*** Data ***

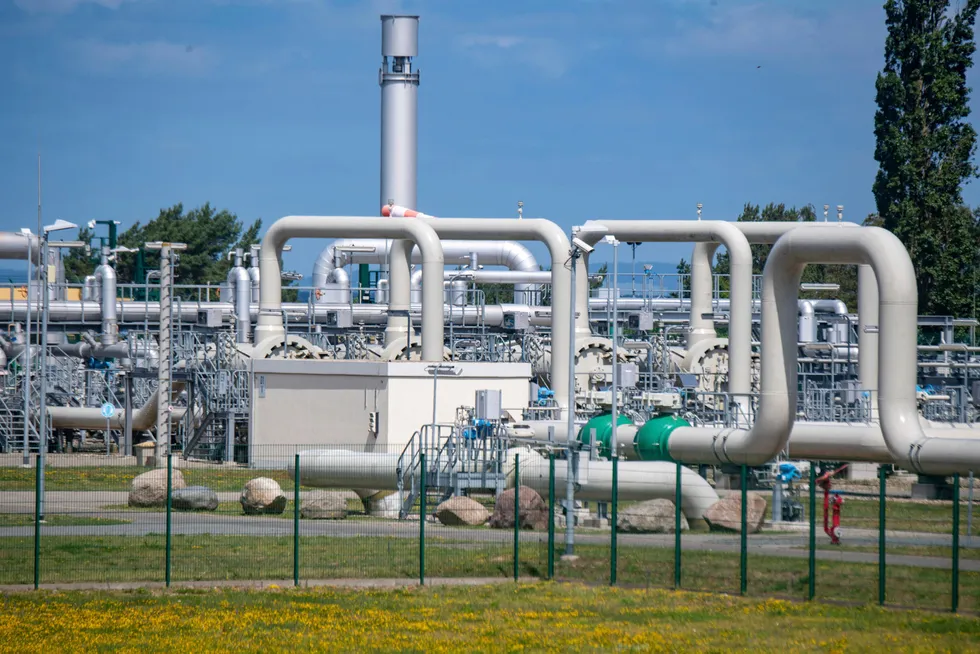 Et mottak for gass fra Nord Stream 1 i Lubmin i Tyskland.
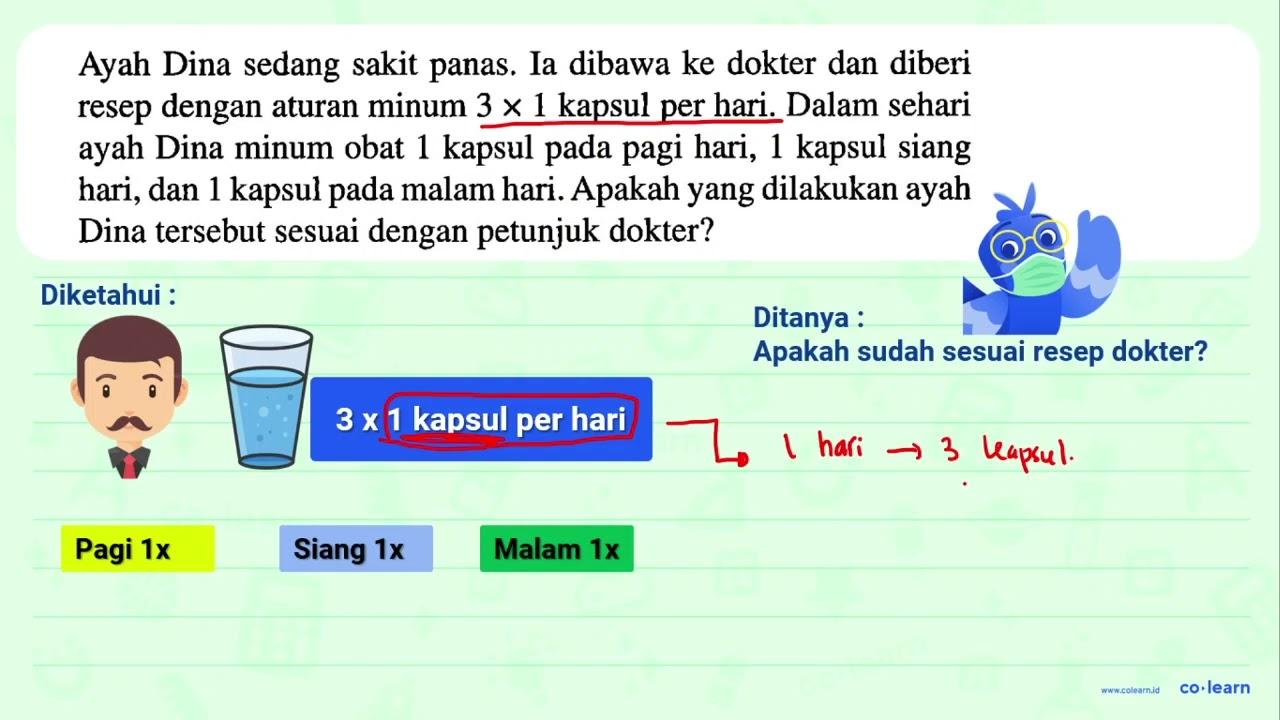 Ayah Dina sedang sakit panas. Ia dibawa ke dokter dan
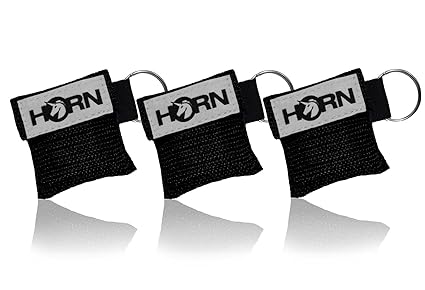 Horn-key - Beatmungstuch im Schlüsselanhänger 3er Pack (schwarz)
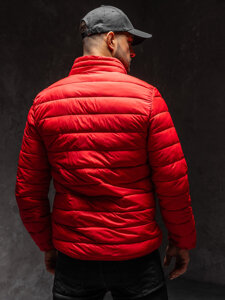 Men's Quilted Lightweight Jacket Red Bolf LY33A1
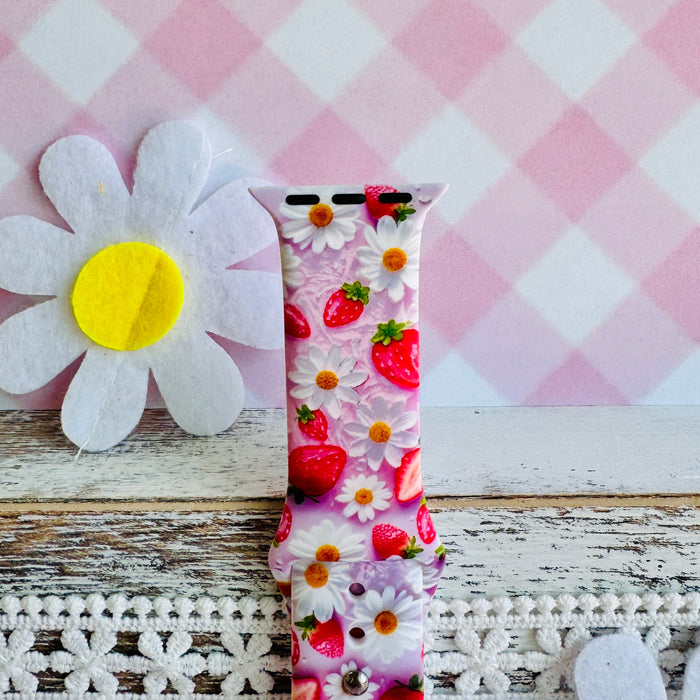 Berry Cute Blooms Print Silicone Band For Apple Watch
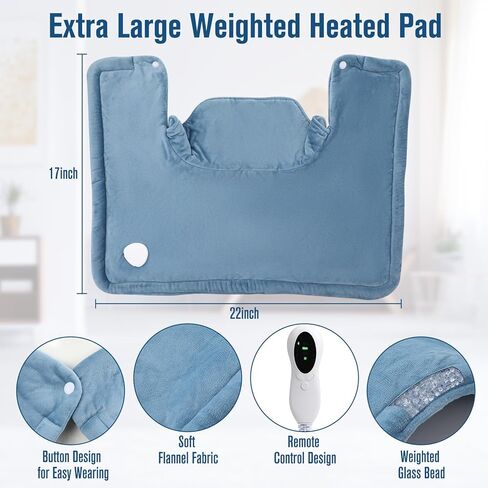 وسادة تسخين مرجحة للرقبة والكتف من KKUYT، وسادات تسخين للرقبة بوزن 2 رطل لتخفيف الآلام، وسادة تسخين كهربائية مقاس 17 × 22 بوصة مع 10 إعدادات للحرارة و3 إعدادات مؤقت، إيقاف تلقائي، أفضل الهدايا للنساء والرجال والأم والأب in Kuwait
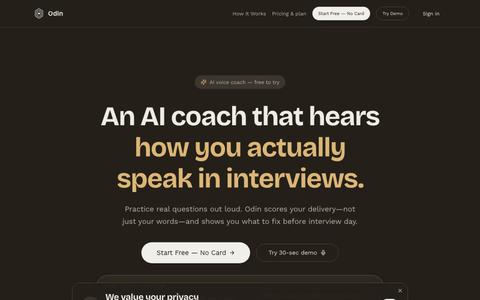 An AI Coach That Hears How You Speak — Odin Interview Prep — screenshot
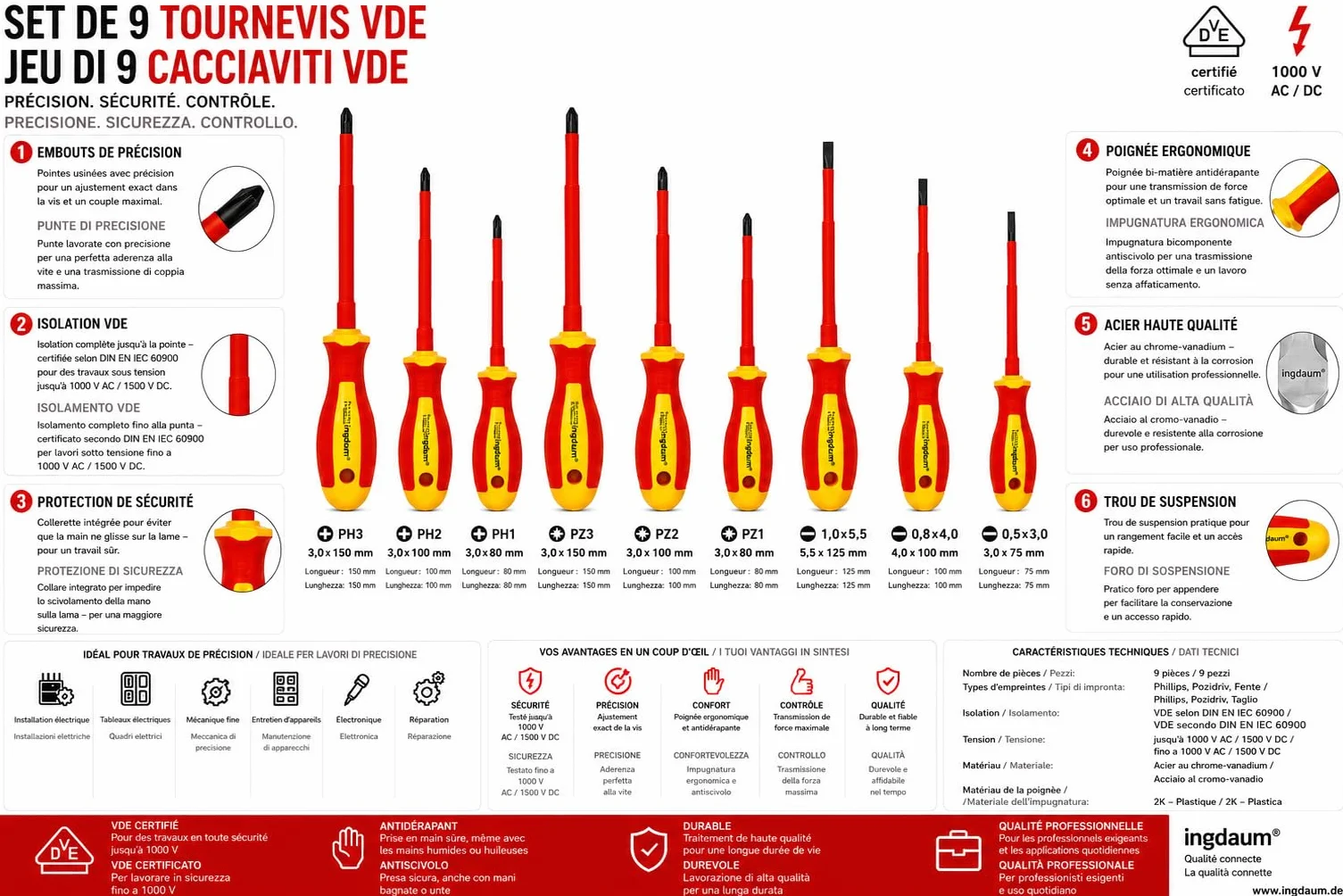 Juego de Destornilladores VDE 9 Piezas | Plano, Phillips (PH) y Pozidriv (PZ), Aislados hasta 1000 V, Certificación GS según IEC 60900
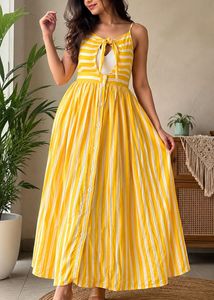 Yellow Striped Maxi Dress with Tie-Front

*** End of Data ***

Pictures do not belong in the copy. Please reproduce the entries above exactly otherwise.

 Et mottak for gass fra Nord Stream 1 i Lubmin i Tyskland.
 Ayah Dina sedang sakit panas. Ia dibawa ke dokter dan
 Horn-key - Beatmungstuch im Schlüsselanhänger 3er Pack (schwarz)
 Men's Quilted Lightweight Jacket Red Bolf LY33A1
 Berry Cute Blooms Print Silicone Band For Apple Watch
 وسادة تسخين مرجحة للرقبة والكتف من KKUYT، وسادات تسخين للرقبة بوزن 2 رطل لتخفيف الآلام، وسادة تسخين كهربائية مقاس 17 × 22 بوصة مع 10 إعدادات للحرارة و3 إعدادات مؤقت، إيقاف تلقائي، أفضل الهدايا للنساء والرجال والأم والأب in Kuwait
 An AI Coach That Hears How You Speak — Odin Interview Prep — screenshot
 Juego de Destornilladores VDE 9 Piezas | Plano, Phillips (PH) y Pozidriv (PZ), Aislados hasta 1000 V, Certificación GS según IEC 60900
 Yellow Striped Maxi Dress with Tie-Front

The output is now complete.